Shopify’s Growth Strategy: Lessons, Growth Processes, & Secrets to Success
Shopify's VP, Growth Morgan Brown reveals how the company's growth team drives results in an exclusive interview.
Shopify's VP, Growth Morgan Brown reveals how the company's growth team drives results in an exclusive interview.
To understand how best-in-class companies build and operate their growth organizations, Twilio Segment recently launched The Growth Report, a series of interviews with the leaders of a dozen high-performing growth teams.
In this blog post, we share a profile of Shopify's growth organization as well as our on-screen interview with Morgan Brown, VP, Growth, Shopify.
Shopify, the e-commerce giant that has amassed more than 1.7 million customers and recently surpassed Amazon in quarterly online traffic, empowers its 7,000 employees to behave like entrepreneurs, directing their own success. By democratizing access to performance data and encouraging all workers to conduct meaningful experiments, the company gives people the tools they need to quickly make informed decisions that fuel rapid business growth. This nimble approach to growth delivered $1.1 billion in revenue last quarter.
We recently sat down with Shopify’s VP, Growth, Morgan Brown to see how the company structures and operates its 300-person merchant growth team.
The Shopify growth team is divided into distinct pillars.
Morgan Brown leads the growth marketing team, a group of channel managers who are responsible for email marketing, content marketing, a marketing strategy, and for acquiring new customers.
His counterpart, Archie Abrams, leads the product growth team, a cross-functional group of product managers, engineers, data scientists, and designers who are responsible for activating new users.
They’re joined by the growth operations team, which helps with business analytics, user research, and experimentation, among other things.
Together, these teams drive Shopify's merchant growth.
Experimentation is critical to Shopify’s growth and optimization. Here’s a high-level look at their process for conducting tests.
The first step is creating a strong hypothesis, which Shopify defines as a precise and falsifiable premise.
Next, it’s time to evaluate the opportunity based on its ability to drive merchant growth.
Once the team understands how an experiment compares to its peers, they prioritize the experiment with the highest potential impact.
To learn key lessons fast, the team deploys the test as soon as possible.
Finally, they take what they’ve learned and inform the team. After all, their findings could have a significant impact on Shopify’s growth strategy and tactics.
When people think about growth, they sometimes imagine it unfolding like a series of home runs, with star players knocking a few balls out of the park. In reality, most winning teams get closer to home with each and every swing, accumulating marginal gains until they outperform the competition. The growth team at Shopify endorses this strategy of incrementality.
The thing about amassing a lot of small wins over time is that, as long as you reinvest your returns, you can achieve compounding growth.
“People underestimate the value of incrementality and compounding gains,” says Morgan Brown. “There is some portion of large swings and big bets, but it’s a much smaller piece than people intuitively think of.”
At Shopify, quality data infrastructure is central to the company’s growth equation.

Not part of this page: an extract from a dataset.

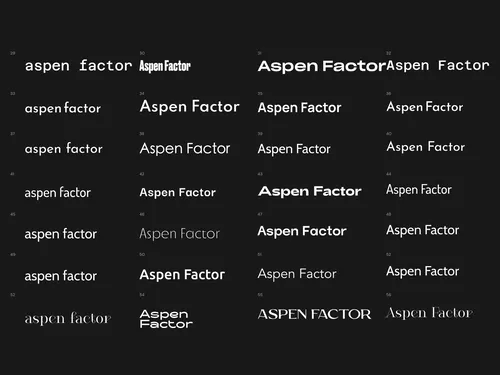 Different typographic logos that the team came up with on a dark/black background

This foundation allows the company to empower its employees to quickly make informed decisions, which fuels the company’s rapid growth. Without it, the team would both lack an understanding of the customer journey and fail to identify gaps in performance.
“You’re only as good as the information you have available to you,” says Morgan Brown. The lesson? “You cannot be great at growth if you do not have rock-solid data infrastructure.”

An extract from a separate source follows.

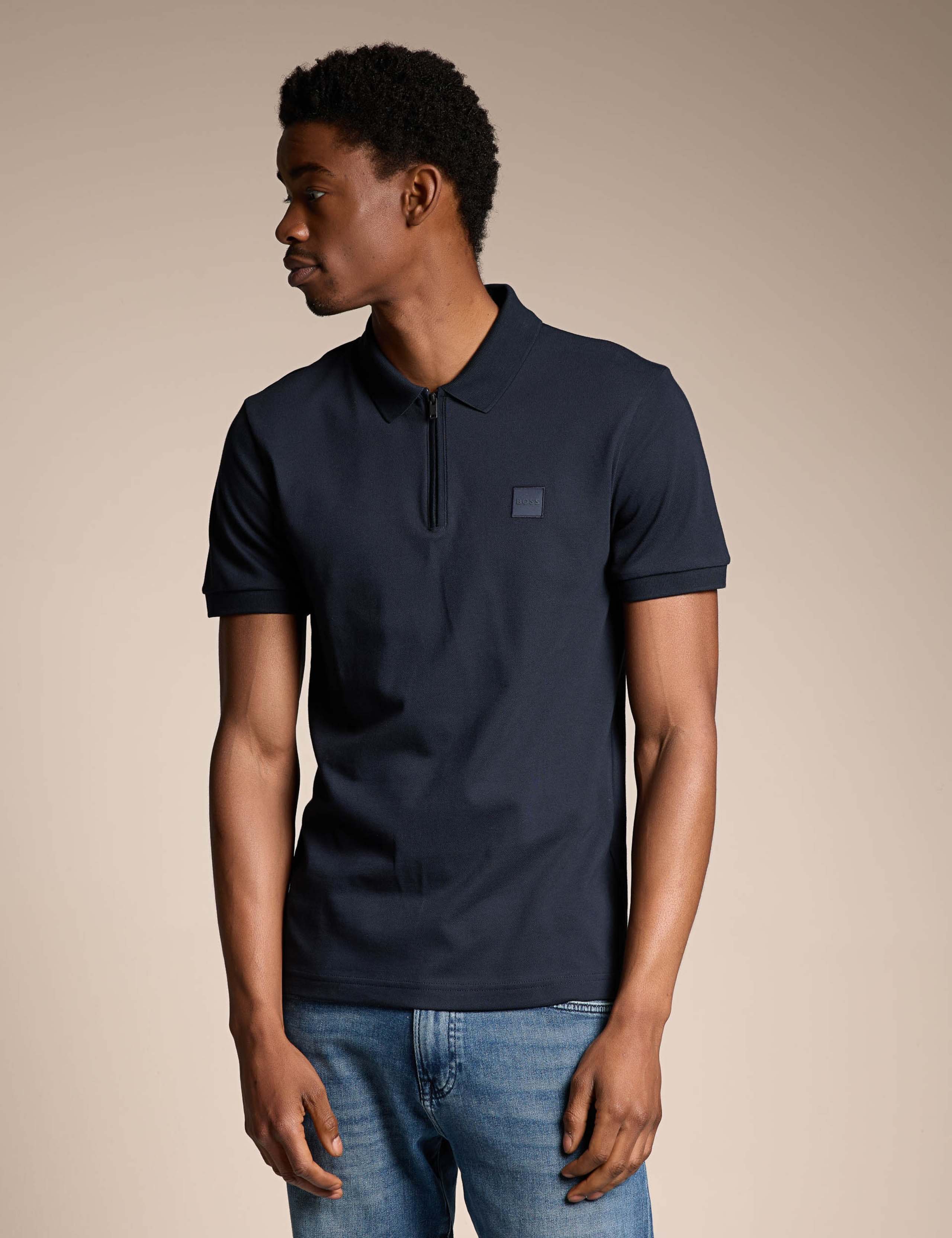 Slim Fit Cotton Rich Zip Polo Shirt 1 of 4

The Twilio Segment 2021 Growth Report reveals key insights about how to build and operate your team for optimal performance. From team structure to growth processes, you’ll learn from companies like HubSpot, Shopify, and Lyft on how to lead your team and company to rapid growth.
To learn from the best in the business, download the report.
Get key insights about how to build and operate your growth team for optimal performance from companies like HubSpot, Shopify, and Lyft.
Shopify emphasized building a brand as part of growth, instilling themselves as highly recognizable. Shopify was also not afraid of thought leadership, innovating and experimenting based off metrics in order to grow.
Apps are a successful e-commerce platform for users and businesses. Apps tend to have a higher degree of customer experience than online stores.
Shopify focused on the success of its startup users and ecommerce business owners, therefore making itself more successful in the process. They created more successful ecommerce businesses that use its online stores.